Security Operations Manager

Job Summary:

We are seeking an experienced Security Operations Manager to manage the day-to-day security operation for protecting of our hybrid cloud environment, covering public cloud (AWS/Azure/GCP), private cloud, data centers, and on-premises systems. This role will oversee the execution of enterprise firewall policies, proxy security, SOC operations, VPN management, and network security across all environments, ensuring a unified security posture.  

Key Responsibilities:  

 1. Hybrid Cloud & Network Security Management
- Manage next-generation firewalls (e.g. NGA/P, Palo Alto, Fortinet, Cisco Firepower) across on-premises, cloud, and hybrid environments.  
- Manage cloud-native security tools (e.g. AWS GuardDuty, Azure Sentinel, GCP Security Command Center).  
- Implement and enforce secure web gateway (SWG) and proxy policies (e.g. Zscaler, Netskope, Blue Coat).  
- Design and optimize hybrid VPN solutions (e.g. site-to-site, client VPN, Zero Trust Network Access).  
- Ensure network segmentation, micro-segmentation, and Zero Trust principles across all environments.  

2. Security Operations Center (SOC) Leadership
- Collaborate with 24/7 SOC operations with a focus on multi-cloud and on-premises threat detection.  
- Support threat-hunting playbooks for cloud and data center environments.  
- Lead incident response (IR) for cross-environment security breaches (cloud misconfigurations, on-premises intrusions).  

 3. Cloud & Data Center Security  
- Implement cloud security posture management (CSPM) and infrastructure-as-code (IaC) security scanning.  
- Harden private cloud (VMware, OpenStack) and on-premises data center security.  
- Manage privileged access security (PAM) for hybrid environments.  
- Conduct cloud penetration testing and vulnerability assessments.  

 4. Compliance & Governance  
- Ensure compliance e.g. ISO 27001, NIST CSF, CIS Benchmarks, and cloud-specific frameworks (AWS Well-Architected, Azure CAF).  
- Maintain security policies for hybrid environments (data residency, encryption, IAM controls).  
- Lead internal/external audits (SOC 2, PCI DSS, HIPAA, GDPR).  

-Support the execution of security procedures for managing risks, vulnerabilities, threats, access, data security, supplier compliance and lifecycle security.

 5. Team & Vendor Management  
- Lead a cross-functional security team (SOC analysts, cloud security engineers, network security specialists).  
- Manage MSSP relationships and third-party security vendors.  
- Provide training and mentorship on cloud and hybrid security best practices.  

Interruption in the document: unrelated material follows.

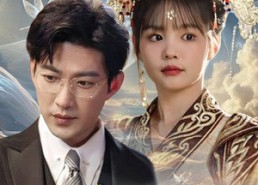 短剧《跨越千年只为你（48集）》精彩短剧免费畅享观看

Required Qualifications:  
- 7+ years in security operations, with 5+ years in hybrid cloud/on-premises security.  
- Good expertise in:  
 - Public cloud security (AWS, Azure, GCP)  
 - Firewall, proxy, VPN, and network security  
 - SIEM/SOAR and SOC operations  
 - Data center and on-premises security hardening  
- Certifications: CISSP, CCSP, AWS/Azure Security, PCNSE, CCNP Security.  
- Experience with Kubernetes security, DevSecOps, and IaC (Terraform, Ansible).  

Work Environment:  
- Hybrid work model (on-site for critical infrastructure, remote for SOC oversight).  
- Participation in on-call rotation for security incidents.  
- Collaboration with different stakeholders including application, infrastructure, business and compliance teams.